A code starting with "R" indicates a Branch Post Office (BPO), and one with "S" indicates a Sub Post Office (SPO). The latter are usually located in shops such as stationers. Currently (September 2015) MaltaPost operates 35 BPOs (including 5 in Gozo) and 28 SPOs (including 3 in Gozo).

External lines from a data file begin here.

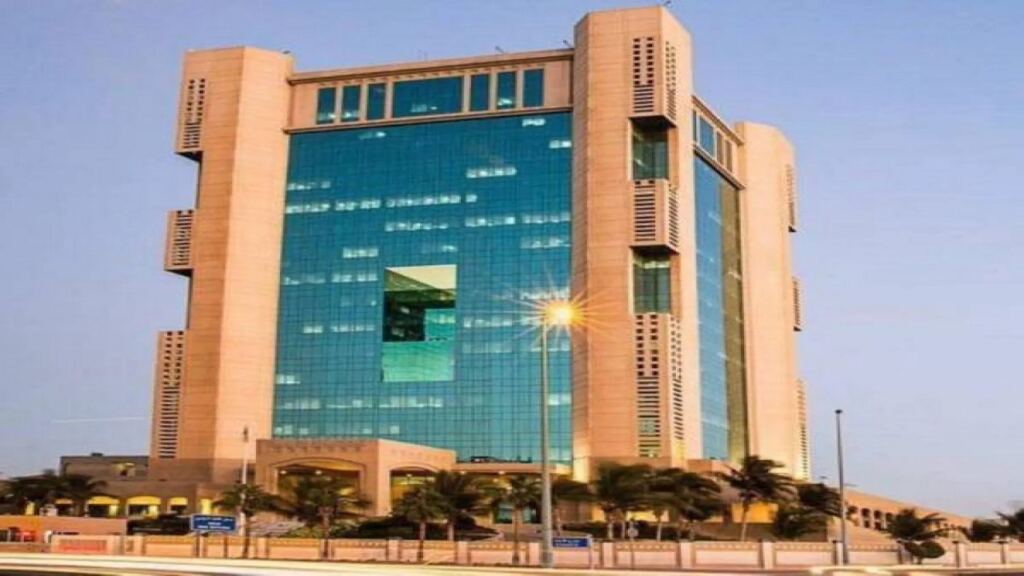 أمانة جدة تعالج تجاوزات استغلال المواقف وتعيدها للاستخدام العام.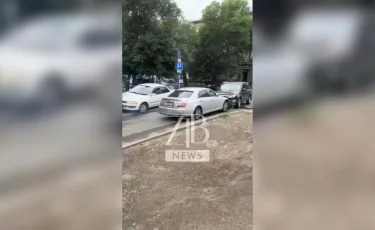 Водитель протаранил 6 машин во дворе в Усть-Каменогорске и скрылся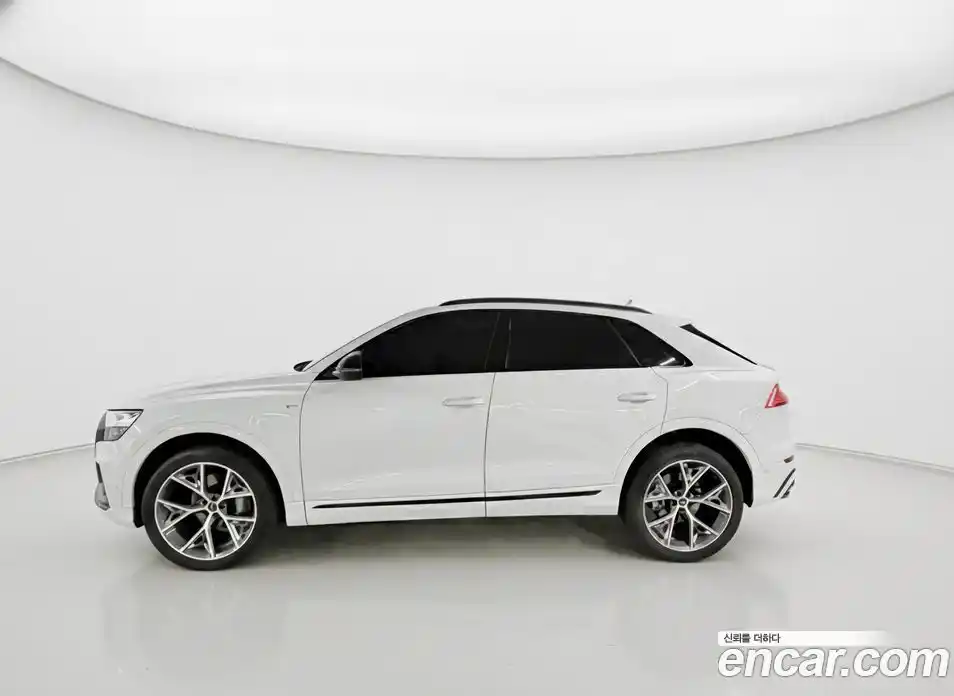 Audi Q8 2023 3.0 Автомат в Москве № 162587, фото 7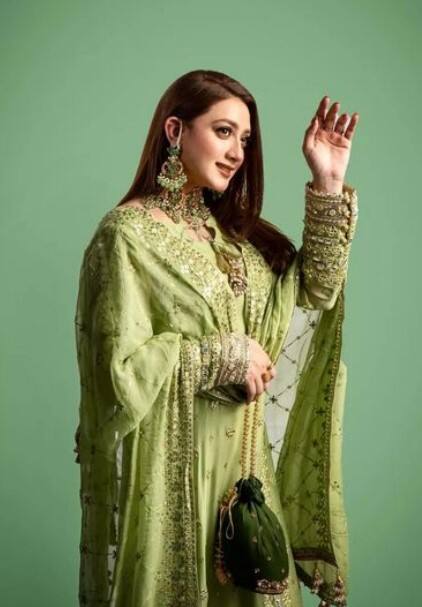 फिल्म इंडस्ट्री में काफी लोगों को डार्क कांप्लेक्शन की वजह से दिक्कतों का सामना करना पड़ा है. लेकिन आज हम एक ऐसी ही अभिनेत्री के बारे में बात करेंगे. जिनका रंग ज्यादा ही गोरा होने की वजह से उन्हें काफी दिक्कतों का सामना करना पड़ा.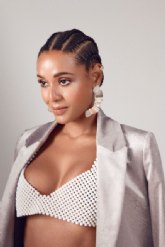 JEIMY OSORIO presenta '22:22 Remixes' fusionando m�sica y sanaci�n sonora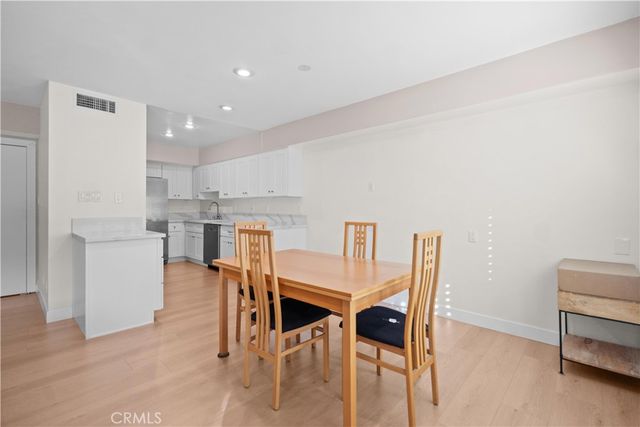 395 S Oakland Avenue 104, Pasadena, CA 91101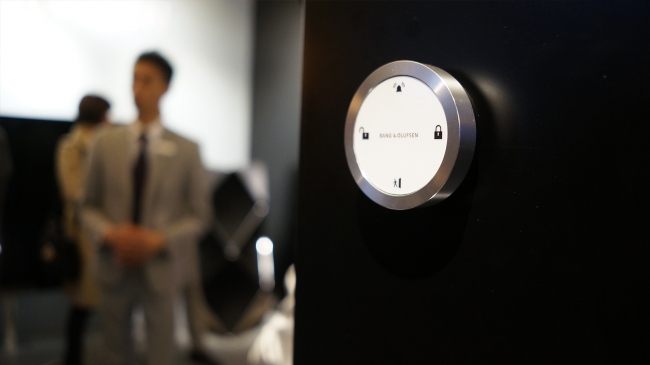 58万一套的BangOlufsenBeoLab90音箱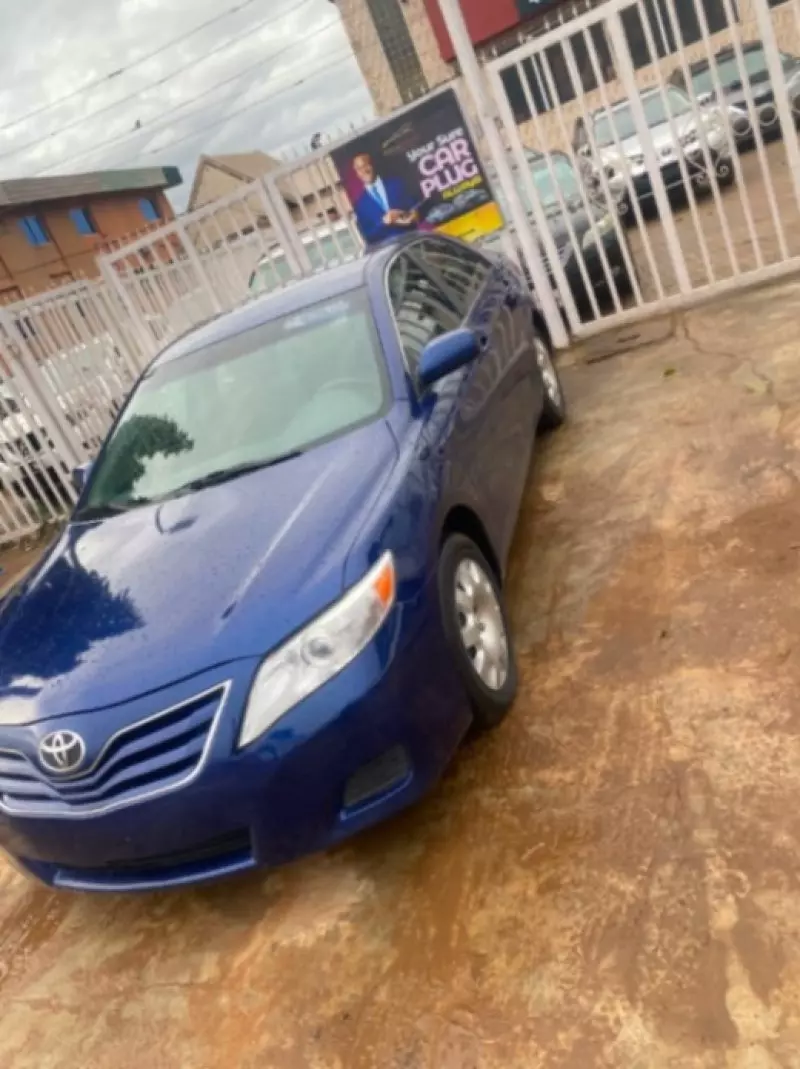 TOYOTA Camry   - 2010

| Code | Address | Locality |
|---|---|---|
| R01 | Qormi Road | Marsa |
| R02 | Victory Street | Qormi |
| R03 | Dun Ġulju Muscat Street | Luqa |
| R04 | Malta International Airport | Luqa |
| R05 | Saint Catherine Street | Żurrieq |
| R06 | Sciortino Street | Żebbuġ |
| R07 | Parish Square | Rabat |
| R08 | Main Street | Balzan |
| R09 | Valley Road | Birkirkara |
| R10 | 21 September Avenue | Naxxar |
| R11 | Constitution Street | Mosta |
| R12 | New Windmill Street | Mellieħa |
| R13 | Wax Alley | San Pawl il-Baħar |
| R14 | Dolmen Street | Buġibba |
| R15 | Naxxar Street | San Ġwann |
| R16 | Paceville Street | San Ġiljan |
| R17 | Manwel Dimech Street | Sliema |
| R18 | Meme' Scicluna Square | Gżira |
| R19 | Gwardamanġa Hill | Pietà |
| R20 | Ferrovija Street | Ħamrun |
| R21 | Castille Square | Valletta |
| R22 | Old Bakery Street | Valletta |
| R23 | Antoine de Paule Square | Paola |
| R24 | Fuq San Pawl | Bormla |
| R25 | Convent Street | Żabbar |
| R26 | Saint Lucian Street | Żejtun |
| R27 | Żarenu Dalli Street | Birżebbuġa |
| R28 | Visitation Street | Għarb, Gozo |
| R29 | Republic Street | Victoria, Gozo |
| R30 | Racecourse Street | Xagħra, Gozo |
| R31 | North Street | Nadur, Gozo |
| R32 | J. F. de Chambray Street | Għajnsielem, Gozo |
| R33 | University Campus | Msida |
| R34 | Sir Adrian Dingli Street | Sliema |
| R35 | G. Bessiera Street | Swieqi |
| S01 | Saint Nicholas Square | Siġġiewi |
| S02 | Parish Street | Mqabba |
| S04 | Eroj Swatar Square | Birkirkara |
| S06 | Marina Street | Marsaskala |
| S07 | Victory Square | Birgu |
| S08 | Archbishop Gonzi Square | Kalkara |
| S09 | Saint Thomas Street | Fgura |
| S10 | Market Square | Tarxien |
| S12 | Frenċ Abela Square | Dingli |
| S14 | Ġorġ Borg Olivier Street | Mellieħa |
| S15 | Kananea Street | Attard |
| S16 | Mannarino Street | Birkirkara |
| S17 | L. Casolani Street | Birkirkara |
| S20 | Saint Bartholomeo Street | Għargħur |
| S21 | Feliċ Borġ Street | San Ġwann |
| S22 | Ċensu Xerri Street | Sliema |
| S23 | Testaferrata Street | Ta' Xbiex |
| S26 | Our Lady of Sorrows Street | San Lawrenz |
| S29 | Victory Street | Birkirkara |
| S30 | Kaħli Street | San Pawl il-Baħar |
| S31 | Orvieto Street | Kerċem, Gozo |
| S32 | Manoel de Vilhena Street | Gżira |
| S33 | Wesgħa Bir Id-Deheb | Għaxaq |
| S35 | Marfa Road | Mellieħa |
| S36 | Fleur-de-Lys Street | Santa Venera |
| S37 | Glormu Cassar Street | Mosta |
| S38 | Dun Karm Caruana Street | Għasri, Gozo |
| S39 | Imhazen Street | Floriana |

===Other===
There are an additional 431 authorized stamp vendors in Malta and Gozo. Letterboxes are also found in practically every locality.

==Postal codes==

MaltaPost initially continued to use postal codes as they were in the 1990s. In 2007 they changed the postcodes of all addresses in the Maltese Islands. Each code consist of three letters, that differ by locality, and four numbers, for example MTP 1001 (the postcode of MaltaPost's main complex in Marsa).